Três irmãs russas enfrentam até 20 anos de prisão por terem matado o pai ao fim de anos de abusos físicos e sexuais sofridos. Num país onde a violência doméstica faz cerca de 600 mil vítimas por ano, o caso reabriu o debate sobre o problema.

Era uma tarde de verão igual às outras. Mijaíl Jachaturián chegou a casa, num bairro pobre do norte de Moscovo, chateado, como nas outras. Dessa vez, o motivo era a desarrumação da sala. Tinha visto um cabelo longo e escuro no chão e ficou furioso. Chamou as filhas, uma a uma, e atirou-lhes gás pimenta. Depois, retirou-se para fazer uma sesta. As jovens, de 17, 18 e 19 anos, esperaram que o homem, de 57, adormecesse e entraram no quarto. Atacaram-no com o mesmo spray, uma faca de cozinha e um martelo, segundo a acusação do Ministério Público.

Um ano depois da morte de Mijaíl – foi assassinado em 2018 -, as irmãs Krestina, Angelina e María estão acusadas de homicídio premeditado, arriscando penas de até 20 anos, no caso das mais velhas, e 10, no caso da mais nova, que era menor na altura dos factos.

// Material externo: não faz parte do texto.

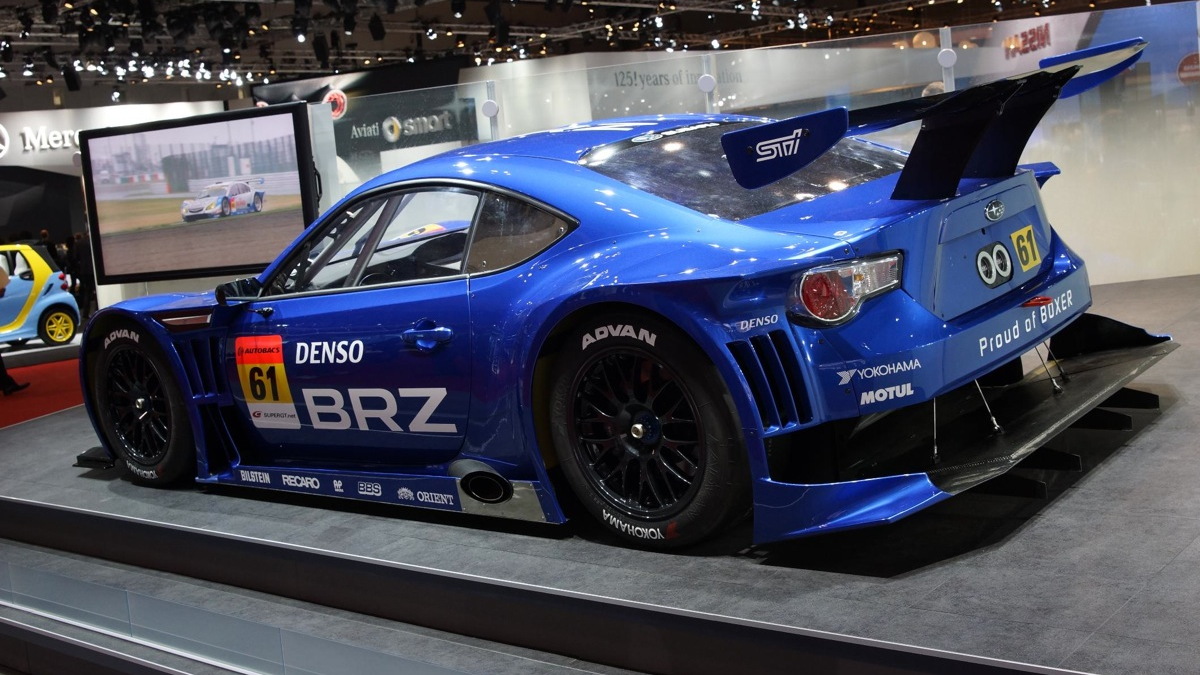Subaru BRZ GT300 race car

De acordo com documentos judiciais citados pelo jornal espanhol “El País”, era na casa de família do bairro de Bibirevo, adornada com cruzes e artefactos religiosos, que as três adolescentes de cabelo e olhos escuro viviam todos os dias um pesadelo. Há anos que sofriam abusos físicos e sexuais perpetrados pelo pai, com quem viviam sozinhas desde 2015, quando o homem expulsou a mulher de casa, ameaçando matá-la a ela e às filhas se regressasse.

“Estavam aterrorizadas. Viviam praticamente escravizadas, num ambiente irrespirável, e temiam pela vida”, disse um dos advogados, Alexei Liptser, que alega que as jovens, já há muito tinham sido proibidas de ir à escola, atuaram em defesa própria.

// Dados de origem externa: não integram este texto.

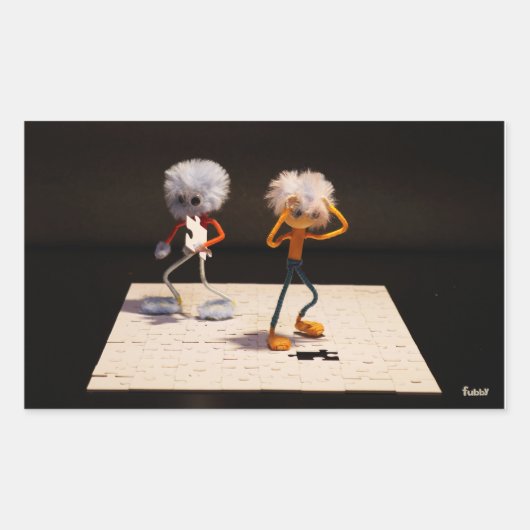 Fubby puzzel actie. rechthoekige sticker (Voorkant)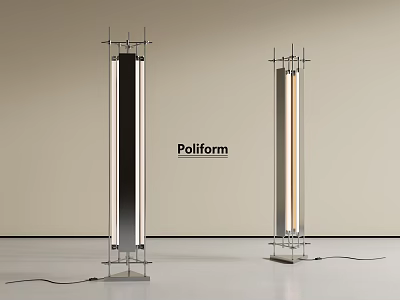 Poliform Modern Floor Lamps With Sleek Metal Frame And Vertical Design 3d model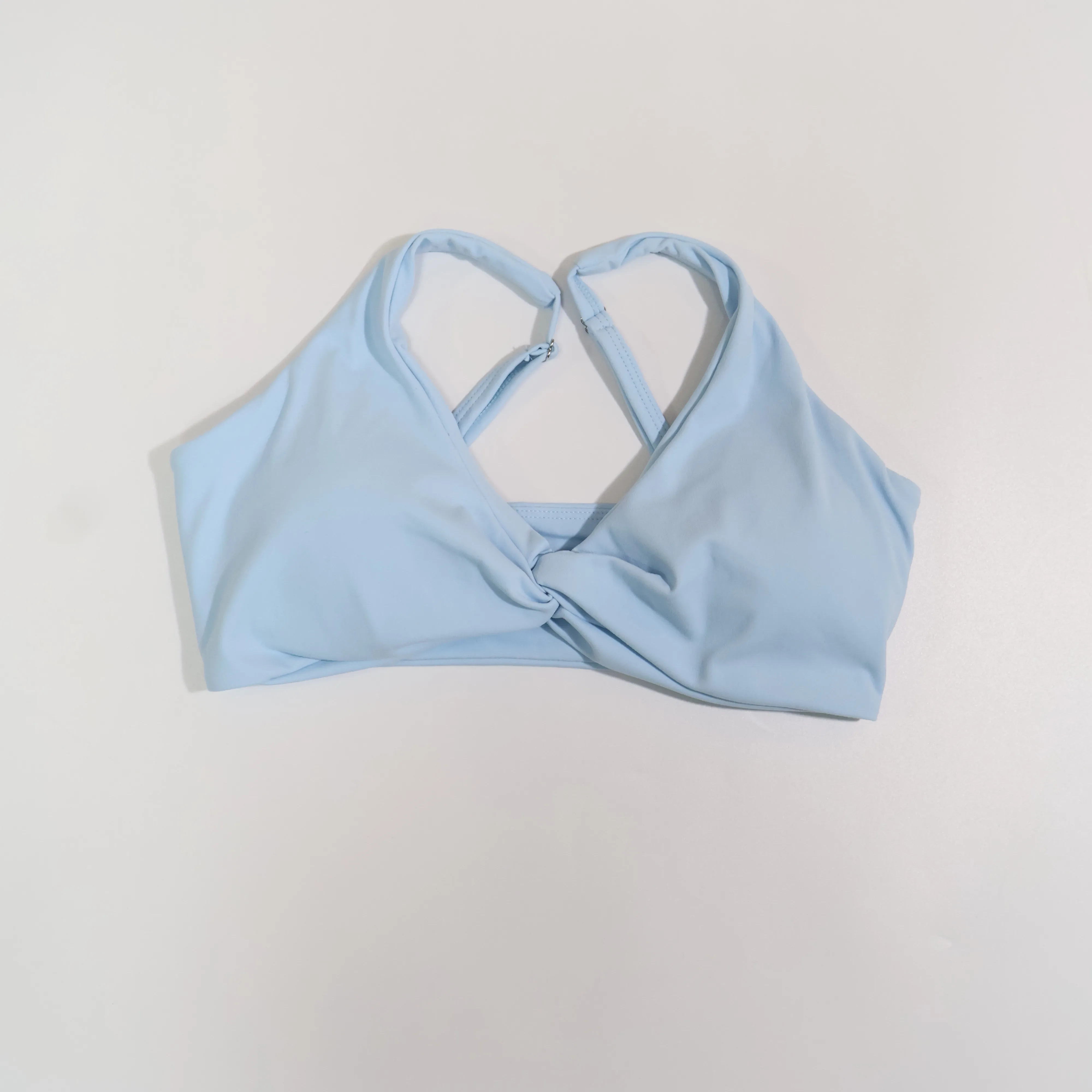 Ctenkevet Women's Ultra Soft Push-Up Sports Bra Summer New Breathable Yoga Workout Top Backless Fitness Crop Gym Underwear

Uma mulher é morta a cada 40 minutos

O caso agitou a sociedade russa, com milhares de pessoas a manifestaram-se solidárias com as irmãs, e abriu um debate sobre a inação e normalização de um problema de dimensões colossais no país, que tem 144 milhões de habitantes: a violência doméstica. Não há registos recentes oficiais, mas um estudo de 2012 levado a cabo pelo Ministério do Interior estimava que 36 mil mulheres sofriam de violência doméstica a cada dia e que entre 12 a 14 mil tenham morrido às mãos dos companheiros ou familiares – é uma morte a cada 40 minutos. As autoridades acreditam que só 12% das mulheres agredidas faz denúncia à Polícia e que, desses casos, só 3% chegam aos tribunais. O balanço é muito semelhante ao revelado pela ONU em 2010.

No caso das irmãs, que recolheram uma forte onda de apoio junto da população, mais de 300 mil pessoas assinaram uma petição online a pedir que sejam ilibadas. A voz de indignação vem também de atrizes, youtubers conhecidos e até da defensora de Direitos Humanos do Kremlin. Sucedem-se piquetes solitários, face à proibição de manifestação, as atividades culturais e as campanhas nas redes sociais para pedir a absolvição.

Por outro lado, sendo a Rússia um país conservador e patriarcal, em que a igreja ortodoxa tem grande influência, também há grupos que negam que a violência doméstica seja um problema e pedem uma condenação dura e exemplar para as arguidas.

Krestina, Angelina e María estão a aguardar o fim julgamento em liberdade, mas isoladas. Não podem comunicar entre si nem com testemunhas ou órgãos de comunicação social. “Estão bem na medida do possível. Seja na prisão ou isoladas em casa, repetem que, pelo menos, não estão a sofrer torturas todos os dias”, disse o advogado.